> -----Original Message-----
> From: Stefano Mazzocchi [mailto:stefano@apache.org]
> Sent: Monday, October 27, 2003 6:06 AM
> To: James Developers List
> Cc: dev@cocoon.apache.org; forrest-dev@xml.apache.org; lenya-
> dev@cocoon.apache.org
>
>
> On Sunday, Oct 26, 2003, at 23:33 Europe/Rome, Noel J. Bergman wrote:
>
> >> He's not questioning whether it's encrypted. His point is, doco sends
> >> an email to an address, and you respond. It gives very little
> >> control,
> >> even if there is a compromise.
> >
> > AIUI, the proposed solution would allow "anyone" to edit content, and
> > contribute it as a "patch". Content could include defacements,
> > changes to
> > .htaccess, and CGI scripts.
>
> nah, dude, look: doco has a very precise editing access point. You can
> *ONLY* modify xml content.

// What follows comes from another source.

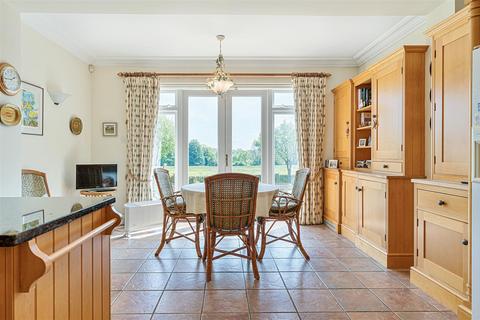 Flat 3, The Pavilion Eyhurst Park, Kingswood, Tadworth, KT20 6JP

So, changes to .htaccess, CGI scripts,
> servlet upload, sql injection, cross-site-scripting, and you next
> favorite attack will NOT work because the system prevents it by design
> [not saying it cannot happen, but if it does it's a bug, not a faulty
> design]
FWIW, I agree. Perhaps the submit goes to a well-formedness check (or even
better?, schema/dtd validation). If it fails, it doesn't even enter the
approval process. Perhaps a notification email is sent describing that an
invalid submittal was sent. The user is returned an error page saying the
post was rejected, in case it was just a mistake.
On another note, can images/PDFs/other-binaries be uploaded?